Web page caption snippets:
###

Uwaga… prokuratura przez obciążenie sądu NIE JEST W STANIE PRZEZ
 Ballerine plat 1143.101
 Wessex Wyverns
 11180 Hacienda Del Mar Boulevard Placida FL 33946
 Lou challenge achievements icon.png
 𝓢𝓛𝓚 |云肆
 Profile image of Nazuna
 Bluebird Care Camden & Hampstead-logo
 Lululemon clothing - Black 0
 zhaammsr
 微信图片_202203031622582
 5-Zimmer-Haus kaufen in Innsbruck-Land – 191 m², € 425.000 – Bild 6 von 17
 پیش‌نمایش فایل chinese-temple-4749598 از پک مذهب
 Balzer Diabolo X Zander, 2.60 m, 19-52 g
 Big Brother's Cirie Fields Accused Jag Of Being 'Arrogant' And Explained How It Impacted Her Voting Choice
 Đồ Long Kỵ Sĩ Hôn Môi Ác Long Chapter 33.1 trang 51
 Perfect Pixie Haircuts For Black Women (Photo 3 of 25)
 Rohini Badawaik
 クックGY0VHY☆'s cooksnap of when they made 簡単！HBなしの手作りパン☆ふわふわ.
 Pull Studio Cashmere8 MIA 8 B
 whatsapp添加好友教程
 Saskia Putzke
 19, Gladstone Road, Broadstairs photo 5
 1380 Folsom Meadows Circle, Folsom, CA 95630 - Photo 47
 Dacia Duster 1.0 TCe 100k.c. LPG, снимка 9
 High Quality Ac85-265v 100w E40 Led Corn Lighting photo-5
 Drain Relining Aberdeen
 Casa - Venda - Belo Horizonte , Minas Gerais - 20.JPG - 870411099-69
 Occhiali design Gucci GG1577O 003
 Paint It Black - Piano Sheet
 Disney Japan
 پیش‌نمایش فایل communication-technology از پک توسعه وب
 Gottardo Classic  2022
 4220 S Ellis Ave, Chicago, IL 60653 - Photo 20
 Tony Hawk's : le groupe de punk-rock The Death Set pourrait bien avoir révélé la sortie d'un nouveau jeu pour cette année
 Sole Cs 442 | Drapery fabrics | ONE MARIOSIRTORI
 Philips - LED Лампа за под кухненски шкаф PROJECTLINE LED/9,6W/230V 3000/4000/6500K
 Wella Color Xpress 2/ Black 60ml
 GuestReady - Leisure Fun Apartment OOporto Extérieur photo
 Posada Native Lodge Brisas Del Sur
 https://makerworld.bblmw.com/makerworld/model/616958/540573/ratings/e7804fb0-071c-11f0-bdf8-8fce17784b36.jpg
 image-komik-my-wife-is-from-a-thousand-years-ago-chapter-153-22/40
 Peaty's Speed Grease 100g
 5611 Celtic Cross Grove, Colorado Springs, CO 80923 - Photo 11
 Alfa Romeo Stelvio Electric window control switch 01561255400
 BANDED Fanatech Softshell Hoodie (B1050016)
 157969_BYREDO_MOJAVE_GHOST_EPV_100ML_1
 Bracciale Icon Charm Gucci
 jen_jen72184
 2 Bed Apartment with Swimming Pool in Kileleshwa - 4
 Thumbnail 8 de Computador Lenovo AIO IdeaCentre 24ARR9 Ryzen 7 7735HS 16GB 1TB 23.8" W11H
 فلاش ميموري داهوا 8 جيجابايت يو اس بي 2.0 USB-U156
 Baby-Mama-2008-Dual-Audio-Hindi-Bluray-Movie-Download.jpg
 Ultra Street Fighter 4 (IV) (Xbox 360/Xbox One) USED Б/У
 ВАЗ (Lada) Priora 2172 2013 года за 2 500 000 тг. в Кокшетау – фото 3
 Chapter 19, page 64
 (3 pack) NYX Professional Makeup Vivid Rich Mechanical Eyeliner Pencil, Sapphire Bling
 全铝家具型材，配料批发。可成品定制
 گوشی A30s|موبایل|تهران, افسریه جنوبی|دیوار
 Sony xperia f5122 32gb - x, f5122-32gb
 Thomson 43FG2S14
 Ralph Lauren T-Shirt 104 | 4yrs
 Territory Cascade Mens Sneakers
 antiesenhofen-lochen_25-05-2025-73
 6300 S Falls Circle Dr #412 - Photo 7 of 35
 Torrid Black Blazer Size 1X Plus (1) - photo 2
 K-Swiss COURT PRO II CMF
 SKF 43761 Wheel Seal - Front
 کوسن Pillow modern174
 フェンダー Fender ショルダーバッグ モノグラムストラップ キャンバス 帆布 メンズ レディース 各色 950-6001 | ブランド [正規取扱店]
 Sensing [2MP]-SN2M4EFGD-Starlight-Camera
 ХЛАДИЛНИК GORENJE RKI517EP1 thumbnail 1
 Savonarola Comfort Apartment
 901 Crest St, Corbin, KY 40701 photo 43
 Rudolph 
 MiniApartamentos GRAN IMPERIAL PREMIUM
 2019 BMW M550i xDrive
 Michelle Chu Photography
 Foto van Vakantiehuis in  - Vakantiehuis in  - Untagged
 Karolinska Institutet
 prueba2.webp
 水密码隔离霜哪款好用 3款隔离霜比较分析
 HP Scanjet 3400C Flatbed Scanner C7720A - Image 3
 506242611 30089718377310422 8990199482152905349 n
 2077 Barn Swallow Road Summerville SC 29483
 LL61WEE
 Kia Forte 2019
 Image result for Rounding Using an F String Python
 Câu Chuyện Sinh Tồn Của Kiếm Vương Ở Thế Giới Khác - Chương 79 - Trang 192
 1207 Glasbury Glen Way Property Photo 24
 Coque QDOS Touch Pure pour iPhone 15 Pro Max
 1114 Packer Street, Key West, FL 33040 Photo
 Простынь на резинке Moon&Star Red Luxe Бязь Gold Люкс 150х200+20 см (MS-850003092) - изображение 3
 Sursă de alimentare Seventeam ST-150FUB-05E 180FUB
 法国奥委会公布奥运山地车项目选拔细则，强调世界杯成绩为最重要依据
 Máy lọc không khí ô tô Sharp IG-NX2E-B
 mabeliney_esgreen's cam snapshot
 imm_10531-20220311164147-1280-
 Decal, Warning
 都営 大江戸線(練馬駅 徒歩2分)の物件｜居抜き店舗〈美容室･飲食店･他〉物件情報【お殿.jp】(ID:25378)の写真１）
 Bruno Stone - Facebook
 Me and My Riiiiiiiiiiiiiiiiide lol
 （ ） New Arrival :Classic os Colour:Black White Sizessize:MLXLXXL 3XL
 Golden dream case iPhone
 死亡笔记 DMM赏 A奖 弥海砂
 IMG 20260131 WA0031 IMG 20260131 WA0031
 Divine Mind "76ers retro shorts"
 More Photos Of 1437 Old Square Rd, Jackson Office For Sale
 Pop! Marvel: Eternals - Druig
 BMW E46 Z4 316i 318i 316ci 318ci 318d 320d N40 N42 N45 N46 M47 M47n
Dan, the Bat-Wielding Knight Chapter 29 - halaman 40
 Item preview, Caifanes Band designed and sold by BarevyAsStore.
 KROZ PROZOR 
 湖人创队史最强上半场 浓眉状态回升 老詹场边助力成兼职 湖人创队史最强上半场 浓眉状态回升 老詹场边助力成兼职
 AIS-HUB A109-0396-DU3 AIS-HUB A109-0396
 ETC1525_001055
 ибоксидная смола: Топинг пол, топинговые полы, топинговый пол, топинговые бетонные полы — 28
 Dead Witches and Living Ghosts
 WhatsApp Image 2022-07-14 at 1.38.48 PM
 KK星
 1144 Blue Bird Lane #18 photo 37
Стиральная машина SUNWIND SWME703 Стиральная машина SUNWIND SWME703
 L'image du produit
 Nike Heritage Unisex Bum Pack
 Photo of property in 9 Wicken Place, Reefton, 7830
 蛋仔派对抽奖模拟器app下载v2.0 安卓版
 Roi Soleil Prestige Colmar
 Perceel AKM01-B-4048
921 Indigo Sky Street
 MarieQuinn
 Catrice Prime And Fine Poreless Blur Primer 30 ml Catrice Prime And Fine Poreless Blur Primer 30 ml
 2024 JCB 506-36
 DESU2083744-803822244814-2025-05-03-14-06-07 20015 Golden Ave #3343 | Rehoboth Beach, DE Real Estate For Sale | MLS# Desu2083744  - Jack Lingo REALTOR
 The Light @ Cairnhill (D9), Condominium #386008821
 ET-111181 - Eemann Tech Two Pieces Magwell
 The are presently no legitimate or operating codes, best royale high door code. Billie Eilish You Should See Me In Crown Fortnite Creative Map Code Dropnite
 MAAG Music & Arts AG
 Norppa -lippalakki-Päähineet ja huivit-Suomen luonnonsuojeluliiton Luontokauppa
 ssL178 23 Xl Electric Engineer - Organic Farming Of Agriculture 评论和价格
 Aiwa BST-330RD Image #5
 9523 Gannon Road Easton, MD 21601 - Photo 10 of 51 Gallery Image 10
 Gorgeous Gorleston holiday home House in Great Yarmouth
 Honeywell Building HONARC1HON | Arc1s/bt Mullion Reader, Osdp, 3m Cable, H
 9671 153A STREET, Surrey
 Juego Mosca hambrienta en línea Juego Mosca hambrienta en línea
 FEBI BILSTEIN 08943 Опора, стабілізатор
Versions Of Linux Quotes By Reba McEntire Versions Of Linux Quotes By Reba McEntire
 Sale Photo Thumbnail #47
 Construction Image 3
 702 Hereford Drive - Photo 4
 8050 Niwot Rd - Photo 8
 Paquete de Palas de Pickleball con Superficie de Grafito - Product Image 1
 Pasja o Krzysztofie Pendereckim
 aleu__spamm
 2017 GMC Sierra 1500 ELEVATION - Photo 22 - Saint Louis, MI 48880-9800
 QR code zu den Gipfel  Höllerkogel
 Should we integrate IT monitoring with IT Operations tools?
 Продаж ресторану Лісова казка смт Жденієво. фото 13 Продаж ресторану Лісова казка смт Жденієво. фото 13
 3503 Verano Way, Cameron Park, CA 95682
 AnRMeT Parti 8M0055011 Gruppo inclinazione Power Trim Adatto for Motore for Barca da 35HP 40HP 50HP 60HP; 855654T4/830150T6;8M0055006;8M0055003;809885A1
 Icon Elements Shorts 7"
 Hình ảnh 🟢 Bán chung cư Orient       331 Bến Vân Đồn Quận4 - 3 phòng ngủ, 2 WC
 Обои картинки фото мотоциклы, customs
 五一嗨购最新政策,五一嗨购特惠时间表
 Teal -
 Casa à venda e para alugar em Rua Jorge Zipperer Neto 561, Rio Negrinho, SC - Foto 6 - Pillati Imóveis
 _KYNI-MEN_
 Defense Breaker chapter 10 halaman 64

###

From the entries above, write out only the lines starting at the line that holds "1207 Glasbury Glen Way Property Photo 24" and ending at the line that holds "Máy lọc không khí ô tô Sharp IG-NX2E-B", keeping both and matching them exactly.

Task output -
 1207 Glasbury Glen Way Property Photo 24
 Coque QDOS Touch Pure pour iPhone 15 Pro Max
 1114 Packer Street, Key West, FL 33040 Photo
 Простынь на резинке Moon&Star Red Luxe Бязь Gold Люкс 150х200+20 см (MS-850003092) - изображение 3
 Sursă de alimentare Seventeam ST-150FUB-05E 180FUB
 法国奥委会公布奥运山地车项目选拔细则，强调世界杯成绩为最重要依据
 Máy lọc không khí ô tô Sharp IG-NX2E-B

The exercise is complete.